DAX: Allzeithoch bei 26.514 Punkten
Veröffentlicht am: 12.08.2026 um 18:10 Uhr | Redaktion boerse-global.de
Der DAX hat am Mittwoch ein neues Allzeithoch markiert. Der deutsche Leitindex notiert aktuell bei 26.514,14 Punkten und liegt damit nur noch 0,09 Prozent unter seinem gerade erst erreichten 52-Wochen-Hoch. Anleger warten gespannt auf die US-Verbraucherpreise für Juli, die am Nachmittag veröffentlicht werden – sie könnten darüber entscheiden, ob die Rekordjagd weitergeht oder ins Stocken gerät.
Volkswirte rechnen mit einer Jahresrate von rund 3,4 bis 3,5 Prozent, nach 3,5 Prozent im Vormonat. Die Kernrate wird bei etwa 2,5 Prozent erwartet. Von der Zahl hängt maßgeblich ab, wie die US-Notenbank im September mit den Leitzinsen verfährt – laut Terminmarkt-Daten liegt die Wahrscheinlichkeit für eine Zinserhöhung bei etwa 50 Prozent, was ungewöhnlich ist für eine Fed, die zuletzt eher über Lockerung diskutiert hatte.
Zusätzliche Nervosität bringt der Ölpreis: Brent kostet rund 89 US-Dollar, WTI notiert bei etwa 83 bis 84 Dollar – getrieben von der Zuspitzung im Iran-Konflikt und Angriffen der Huthi-Milizen sowie einem nordkoreanischen Raketentest.
Trotz Krisensignalen bleibt die Stimmung robust
Bemerkenswert ist, dass der Rekordlauf des DAX in einem Umfeld stattfindet, das eigentlich zur Vorsicht mahnen würde. Die deutsche Wirtschaft wuchs im zweiten Quartal nur um 0,2 Prozent gegenüber dem Vorquartal, die Arbeitslosenquote lag im Juli bei 6,4 Prozent. Das ifo-Institut erwartet für die kommenden beiden Jahre lediglich ein Wachstum von 0,8 Prozent.
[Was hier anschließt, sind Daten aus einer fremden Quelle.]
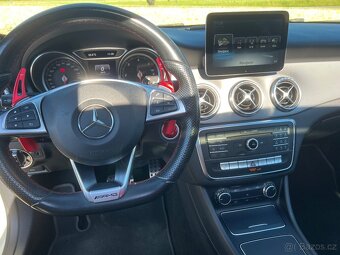 Mercedes Benz CLA 2.2D Shooting Brake,AMG line - 16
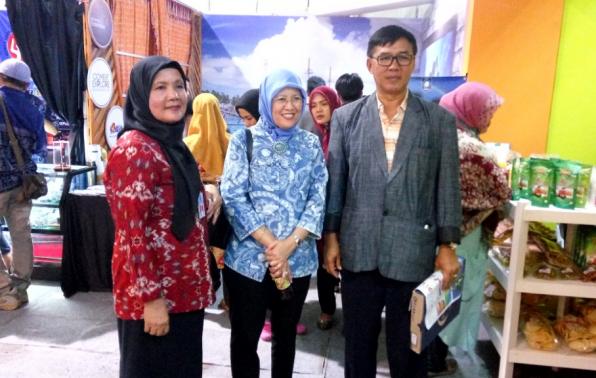 Babel Expo Sebagai Cikal Bakal Masyarakat Cintai Produk Lokal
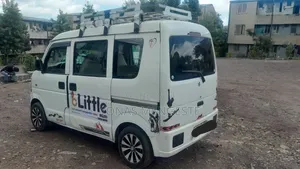 Suzuki Wagon R 660 Petrol AWD 2010 White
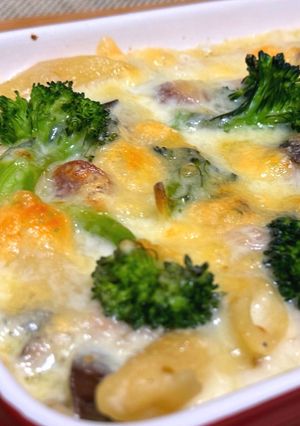 グラタン🥄-レシピのメイン写真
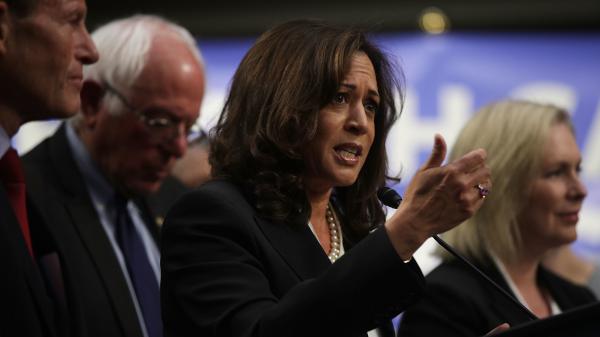 Kamala Harris Releases 'Medicare For All' Plan With A Role ...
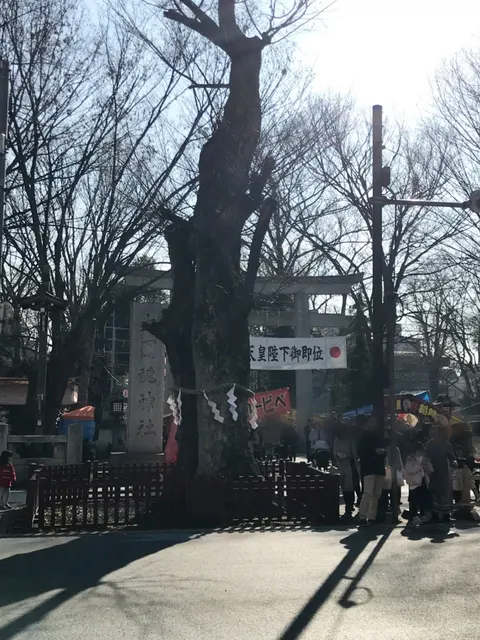 大國魂神社（撮影: くりたま）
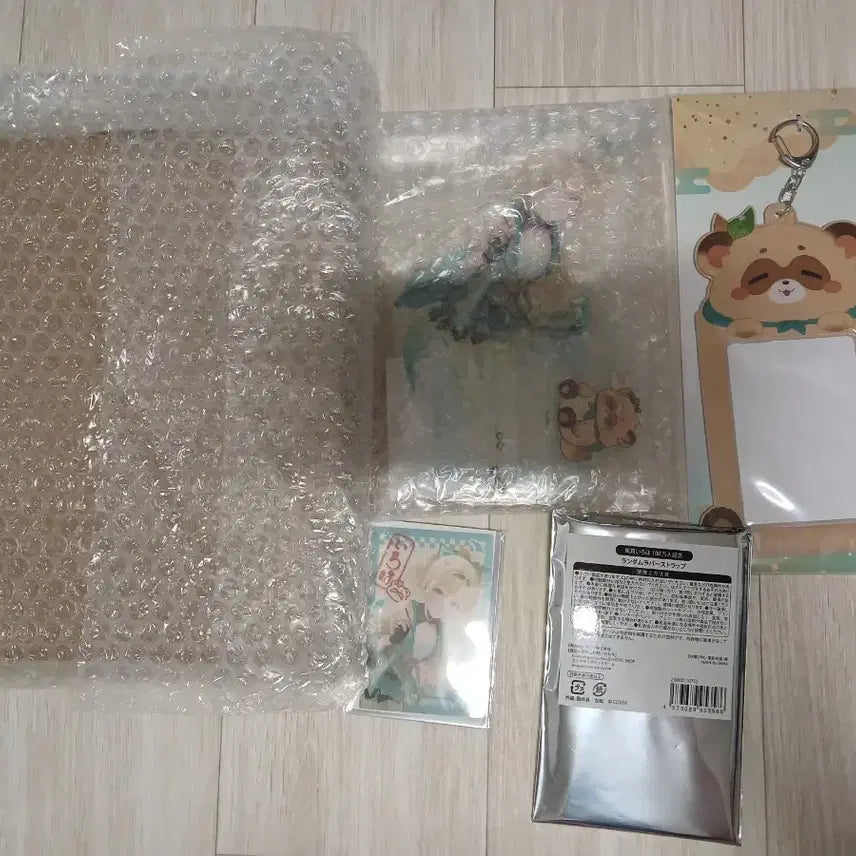 [BUNJANG] Kazama Iroha 1 Million Celebration Goods Set (Sealed) / 카자마 이로하 100만 기념 미개봉 굿즈 세트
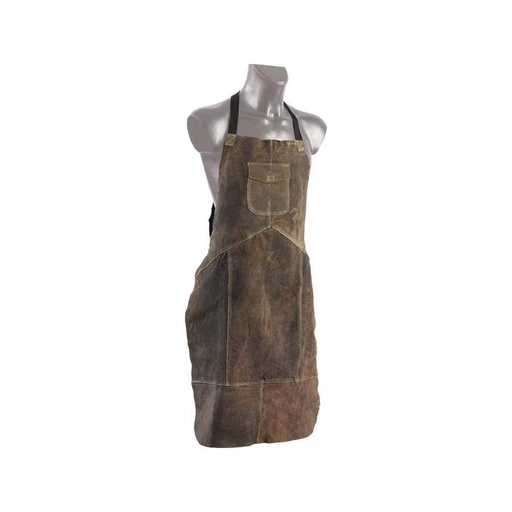 [SOD 04933] Tablier de soudure en croute 60 x 90 - SODISE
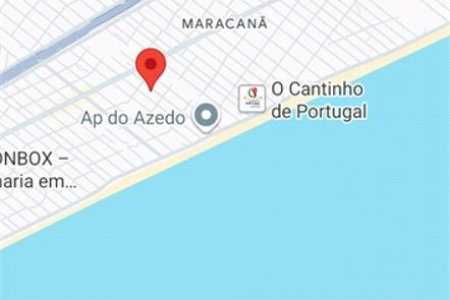 Casa com 2 dormitórios à venda, 125 m² por R$ 390.000,00 - Maracanã - Praia Grande/SP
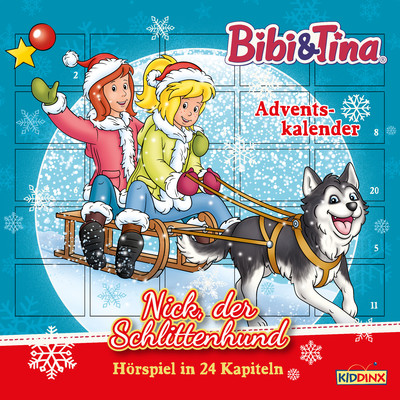 Bibi und Tina Lied/Bibi und Tina 収録アルバム『02. Dezember: Plane fur Weihnachten』 試聴・音楽ダウンロード 【mysound】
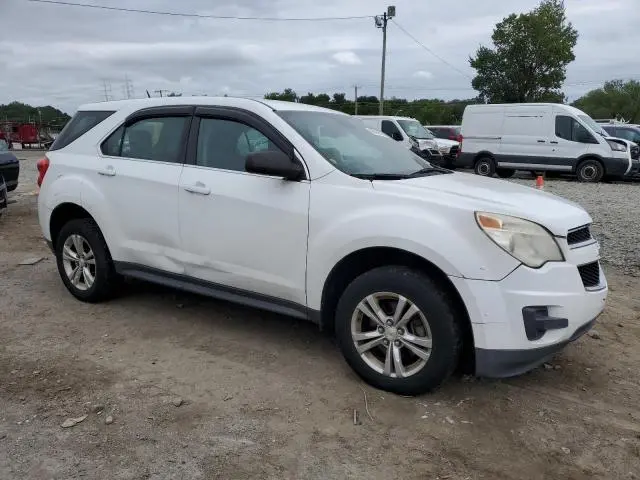 2013 CHEVROLET EQUINOX LS  
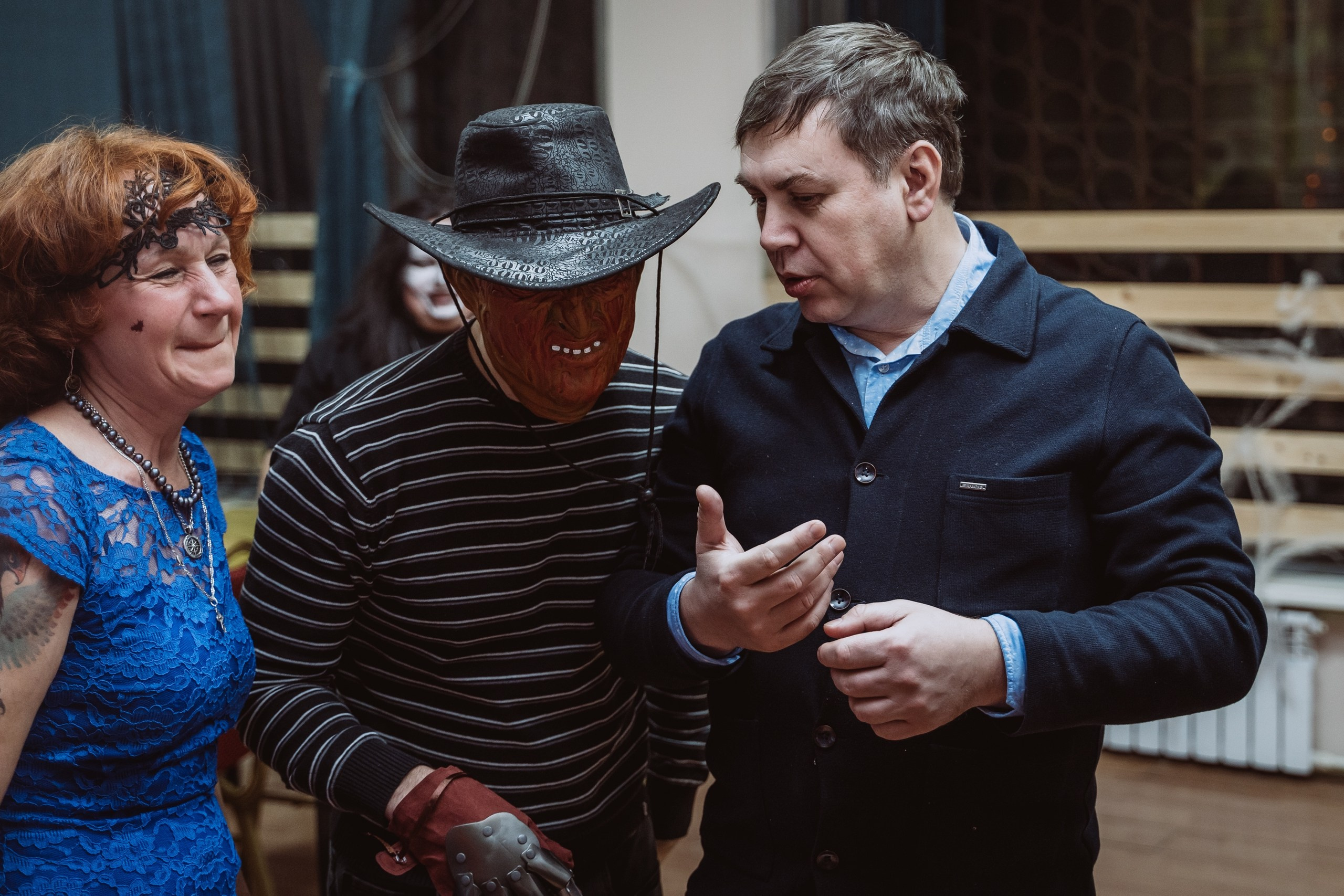 АЦЦкие выходные | 19-20.10.2024. Галерея Фантим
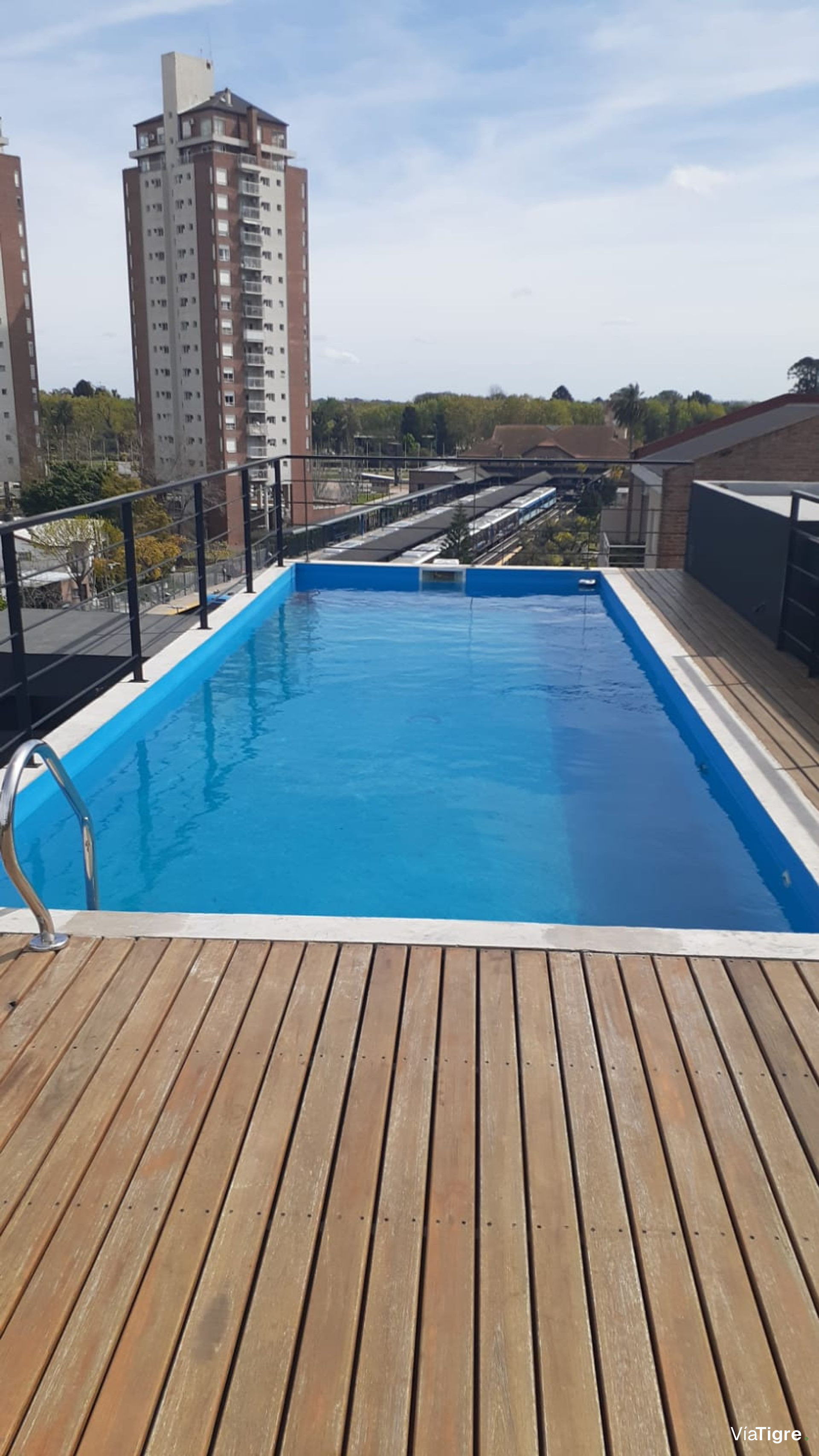 Departamento 3 Ambientes Venta Tigre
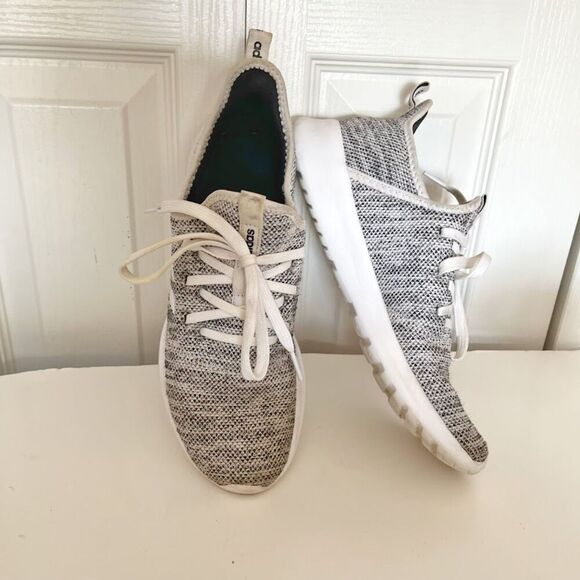 Adidas DB0695 Cloud Foam Pure Motion Lightweight Memory Foam Running Sneakers - Picture 1 of 11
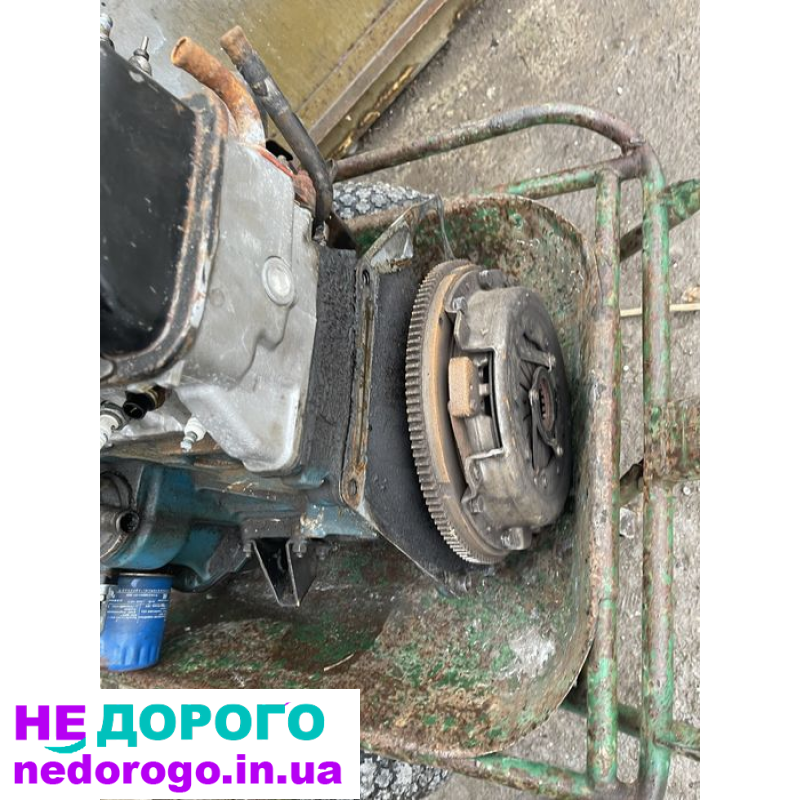 Двигун 2106, 2005, 1.6 л, бензин.формуй Мотор 2106, 13000 грн.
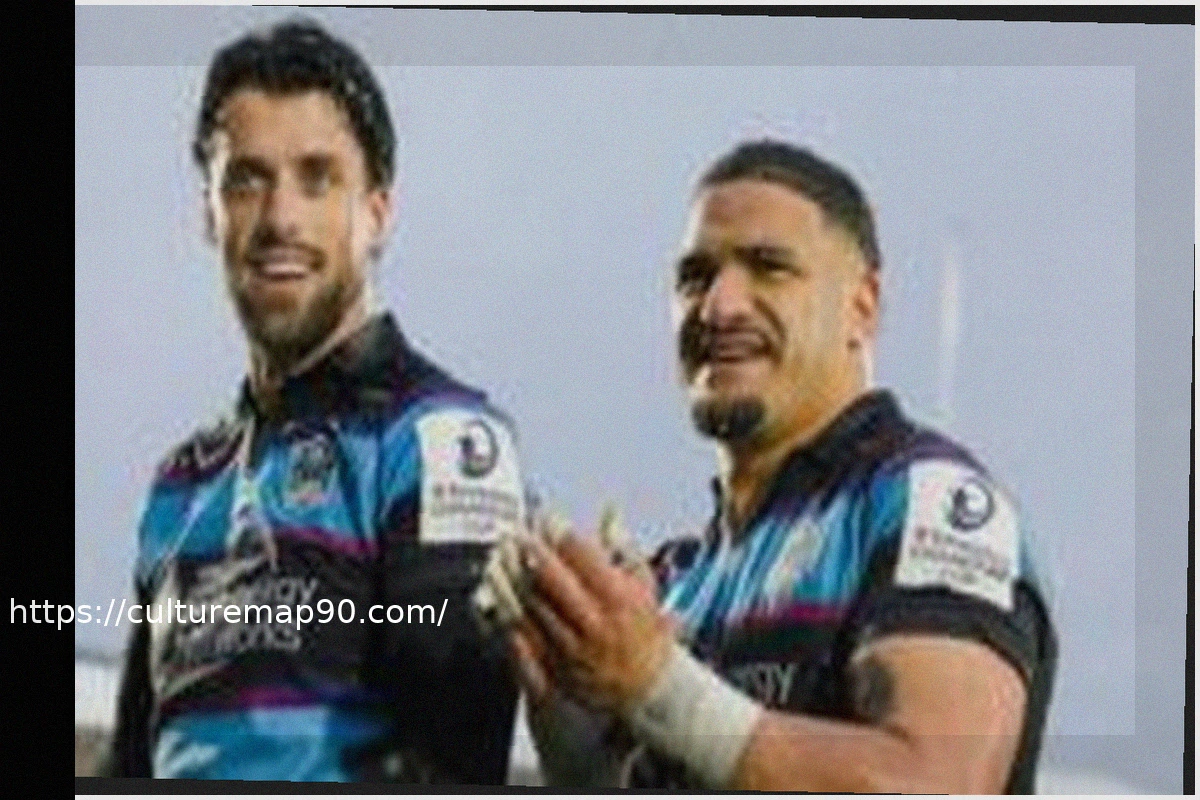 Preview Glasgow Warriors Advance to Champions Cup Quarter-Finals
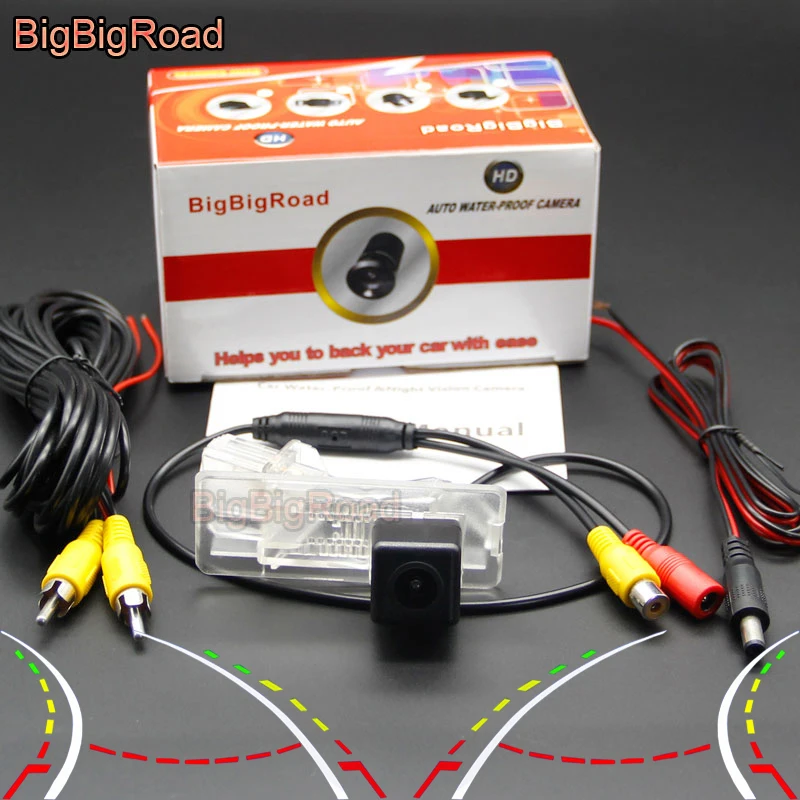 BigBigRoad для Renault Duster/Dacia Duster 2010 2011 2012 2013 2014 автомобиля HD камера заднего вида Камера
Auch die Gasspeicher bereiten Sorgen: Sie liegen EU-weit bei 58 Prozent und damit 16 Prozentpunkte unter dem Fünfjahresschnitt, in Deutschland sind es 47 Prozent. Die Bundesregierung hat Notfallkäufe abgelehnt und das Winterziel von 90 auf 80 Prozent gesenkt.
Der Handel selbst verläuft an den vergangenen Tagen auffällig ruhig. Laut Handelsblatt wurden am Montag und Dienstag zusammen nur rund 40 Millionen Dax-Aktien umgesetzt – ein Zeichen dafür, dass viele Marktteilnehmer vor den US-Daten lieber an der Seitenlinie bleiben, statt neue Positionen aufzubauen.
Einzelwerte treiben den Index
Getragen wird die Rekordjagd von einzelnen Schwergewichten. Siemens Energy legte deutlich zu, nachdem positive Quartalszahlen der Tochter Siemens Gamesa und eine verbesserte charttechnische Lage das Papier über 165 Euro trieben; Bernstein Research stufte die Aktie auf "Outperform".
Auch Chipwerte wie Infineon profitierten von einer neuen KI-Fantasie, ausgelöst durch starke Auftragszahlen des Cloud-Anbieters Coreweave. Im MDax sprang TKMS nach einer Prognoseerhöhung kräftig nach oben. Gegenläufig entwickelte sich Tui, das nach Zahlen unter Druck geriet.
Charttechnisch überkauft
Mit einem RSI von 73 gilt der DAX charttechnisch als überkauft – ein Warnsignal für kurzfristige Rückschläge, auch wenn es allein noch keine Trendwende bedeutet. Der Index notiert rund 5 Prozent über seinem 50-Tage-Durchschnitt, was die Dynamik der jüngsten Rally unterstreicht. Sollte die US-Inflation die Markterwartung deutlich verfehlen, dürfte die Reaktion an den Börsen entsprechend heftig ausfallen – in die eine oder andere Richtung.